DATA PROVIDED Start Marker

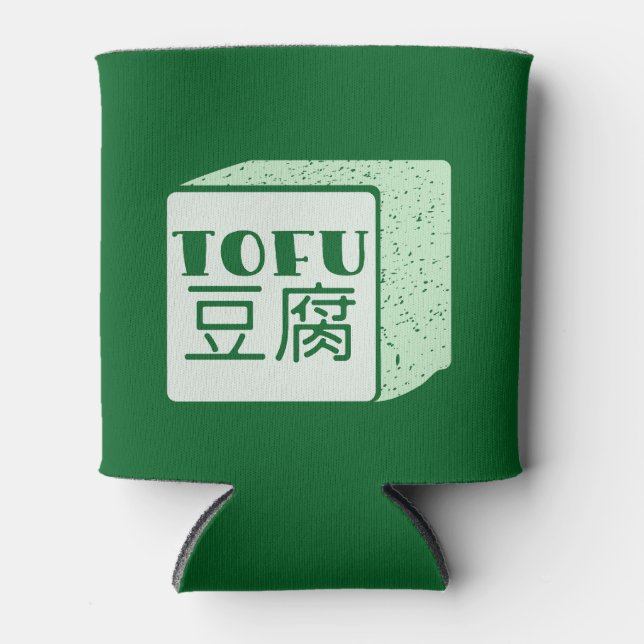 Rafraîchisseur Pour Canette Cube japonaise de tofu (Devant)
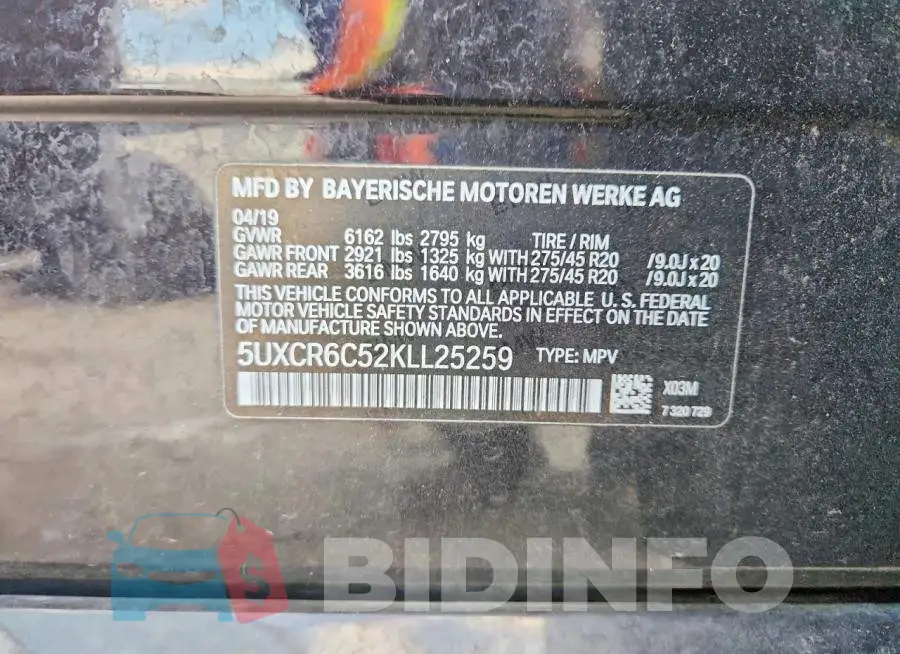 5UXCR6C52KLL25259 Photo# 13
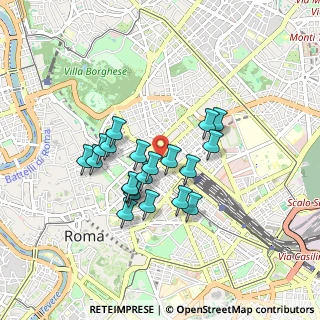Mappa Piazza della Repubblica, 00185 Roma RM, Italia (0.75)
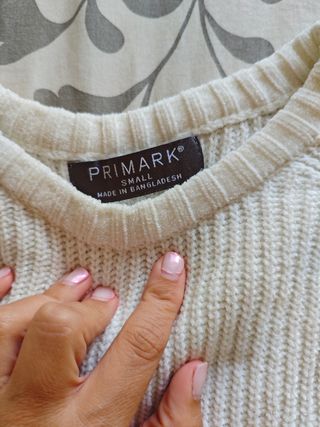 Jersey Primark blanco - Talla S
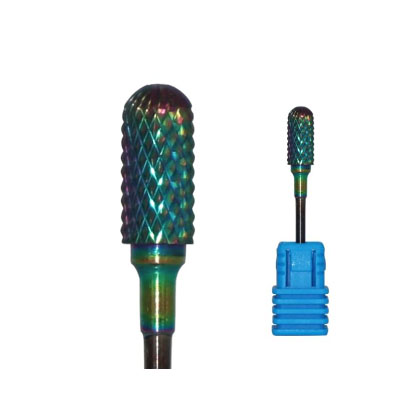 Rainbow Carbide Nail Drill Bits Mẹo cho bộ đệm móng tay tự nhiên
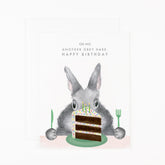 Another Grey Hare Birthday Card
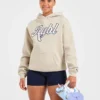 Oversized hoodie met geborduurd opschrift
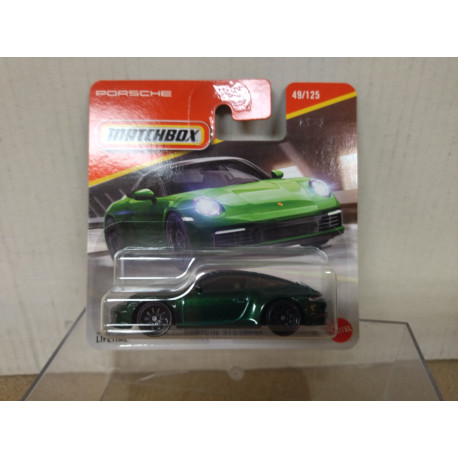 PORSCHE 911 TARGA GREEN 1:64 MATCHBOX 49/125
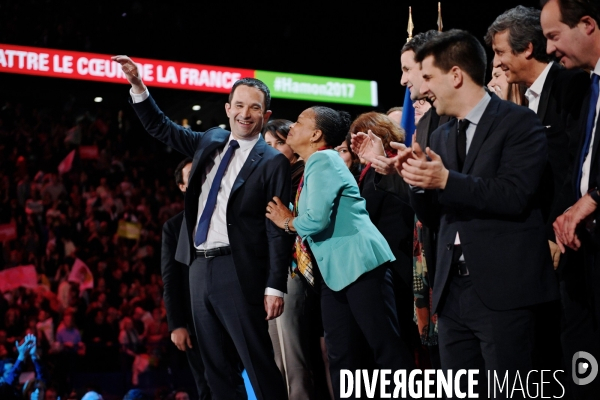 Meeting de Benoit Hamon à Bercy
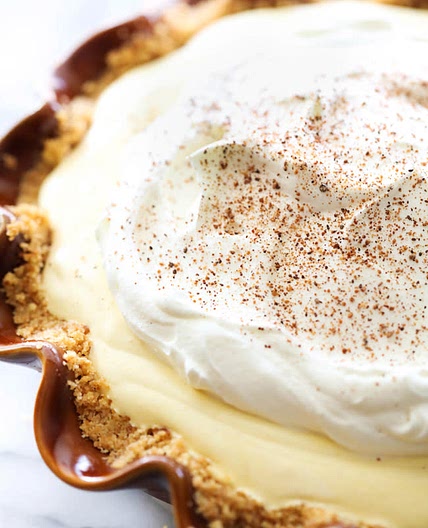 Egg-nog pudding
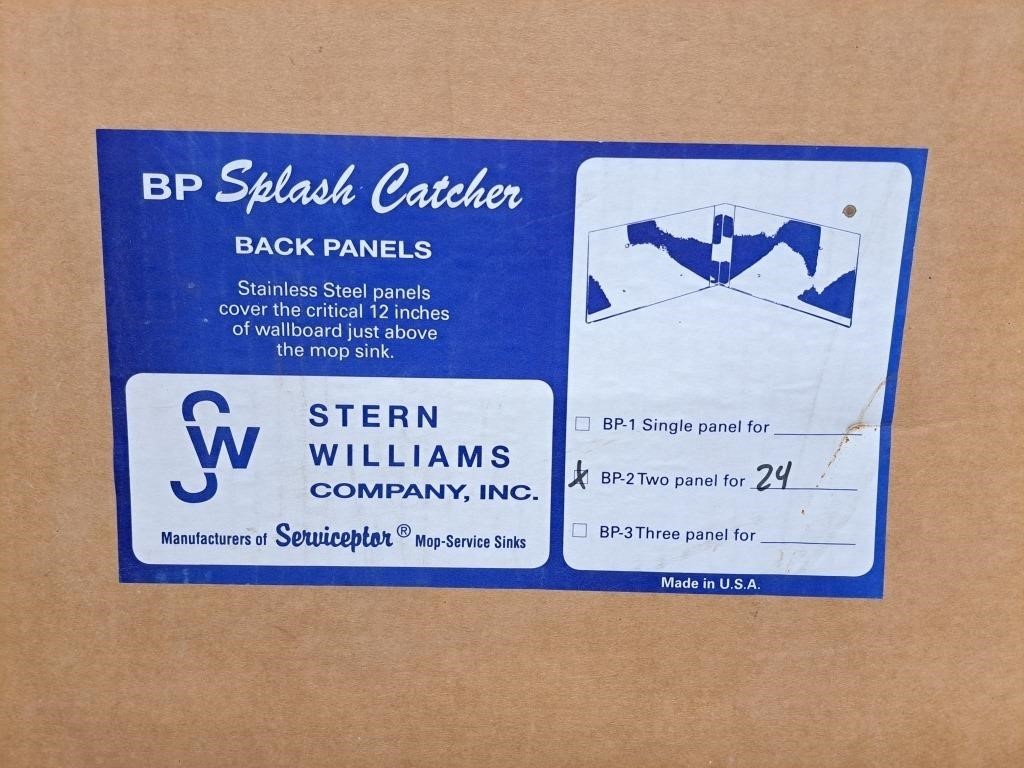 SPLASH CATCHER BACK PANELS-SS PANELS-NEW/Sealed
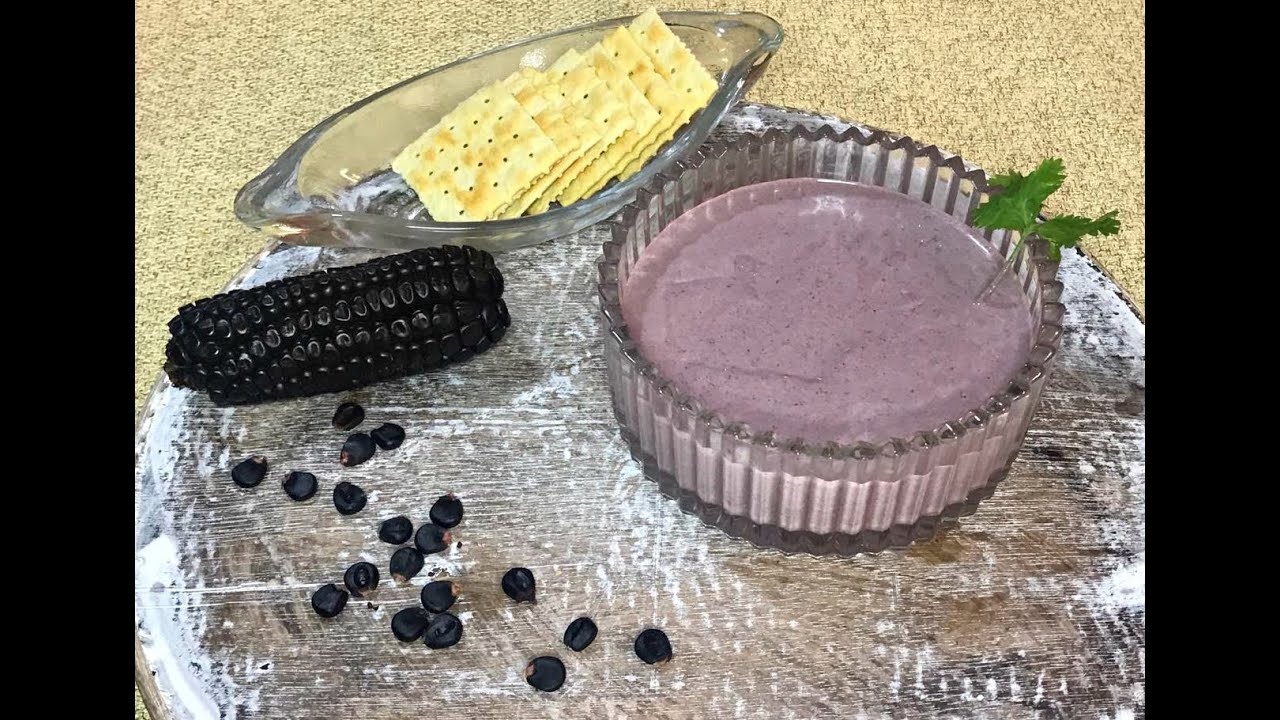 CREMA DE MAÍZ MORADO EN CUARENTENA !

DATA PROVIDED End Marker

## EXERCISE
Reproduce the lines of the listing exactly, starting at the one that contains "Oversized hoodie met geborduurd opschrift" and continuing through the final line, but leave out the pictures.

## RESULT OF THIS EXERCISE
 Oversized hoodie met geborduurd opschrift
 PORSCHE 911 TARGA GREEN 1:64 MATCHBOX 49/125
 Meeting de Benoit Hamon à Bercy
 Egg-nog pudding
 SPLASH CATCHER BACK PANELS-SS PANELS-NEW/Sealed
 CREMA DE MAÍZ MORADO EN CUARENTENA !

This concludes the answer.